I'm not blaming parents or trial lawyers or school administrators in particular. But I work in education, and there is a very real cover-your-ass menatility and a very real fear of legal and litigational consequences if we screw up. For example, last week a few other teachers and I went on a field trip to the local university to see a play. When we got back to school, the teacher who organized the trip realized that two of her students were missing. The teacher had been the last one out of the theatre, the last one on the bus, and had even checked the bathrooms. The students in question had previously asked if they could stay on campus to go home with one girl's husband, who attends the university (they are Hmong, and marry as young as 14). We all knew that that was probably what happened--the girls snuck off during intermission, maybe,
and found the husband--but this teacher was almost crying in fear for her job and any personal liablity she may have been under, up until the principal called the girl's home and found that what we thought was exactly what happened. The girls have been suspended and the teacher has vowed never to go on another field trip. But you see my point.
Zero tolerance was a reaction to litigation and legal liability, and I think both sides went too far in the matter. Maybe at some point we will hit a happy medium, but until then, expect to see more indefensible lawsuits against schools and more indefensible applications of zero tolerance.

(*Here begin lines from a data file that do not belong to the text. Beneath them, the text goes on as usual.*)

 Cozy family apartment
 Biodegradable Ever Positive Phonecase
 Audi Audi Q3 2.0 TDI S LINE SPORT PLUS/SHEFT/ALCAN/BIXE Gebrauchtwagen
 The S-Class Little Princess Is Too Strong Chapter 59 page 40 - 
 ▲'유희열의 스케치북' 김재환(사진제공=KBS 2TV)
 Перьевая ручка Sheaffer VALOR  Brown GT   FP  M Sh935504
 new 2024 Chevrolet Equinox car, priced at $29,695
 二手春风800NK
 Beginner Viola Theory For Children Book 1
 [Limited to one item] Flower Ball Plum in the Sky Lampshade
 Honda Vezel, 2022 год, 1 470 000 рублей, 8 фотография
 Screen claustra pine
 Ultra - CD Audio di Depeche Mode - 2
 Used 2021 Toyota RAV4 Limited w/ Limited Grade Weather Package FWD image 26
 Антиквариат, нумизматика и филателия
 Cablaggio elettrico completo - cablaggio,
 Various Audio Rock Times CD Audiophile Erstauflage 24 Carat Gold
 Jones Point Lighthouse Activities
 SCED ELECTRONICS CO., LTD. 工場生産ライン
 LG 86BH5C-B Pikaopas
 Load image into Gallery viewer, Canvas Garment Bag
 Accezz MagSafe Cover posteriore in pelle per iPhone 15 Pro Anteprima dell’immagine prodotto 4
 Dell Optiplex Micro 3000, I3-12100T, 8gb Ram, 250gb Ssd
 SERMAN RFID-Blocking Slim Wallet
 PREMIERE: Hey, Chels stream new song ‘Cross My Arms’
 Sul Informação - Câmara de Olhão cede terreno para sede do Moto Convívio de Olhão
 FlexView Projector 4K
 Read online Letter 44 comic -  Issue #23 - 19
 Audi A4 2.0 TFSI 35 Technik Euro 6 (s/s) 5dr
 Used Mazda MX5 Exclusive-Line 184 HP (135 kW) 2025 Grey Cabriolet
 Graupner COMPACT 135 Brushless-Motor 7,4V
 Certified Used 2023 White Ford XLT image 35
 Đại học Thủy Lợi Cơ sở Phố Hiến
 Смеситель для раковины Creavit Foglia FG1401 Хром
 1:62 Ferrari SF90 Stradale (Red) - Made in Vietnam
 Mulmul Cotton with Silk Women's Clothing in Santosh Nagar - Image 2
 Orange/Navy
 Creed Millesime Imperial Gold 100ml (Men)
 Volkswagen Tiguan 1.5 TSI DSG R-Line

How sad is it that when the first thing a teacher thinks about when a student sneaks off is that her career may be in jeopardy- through no fault of her own? It seems that we have reached a point in our legal history when we as parents are trolling for any excuse to sue teachers, administators, or school districts. In this scenario, we often hold schools to standards that we would never dream of holding ourselves to. Of course, when it comes to children, parents often lose all sense of reason and perspective. This is nothing new, but does it have to be litigated to the nth degree? It would seem so.
In the final analysis, what we will be left with are teachers and administrators who will be so frightened of being sued that not only will they not be willing to go the extra mile, but "Zero Tolerance" will become a defense mechanism. It already is in some districts. What other defense would a district have against litigation-happy parents?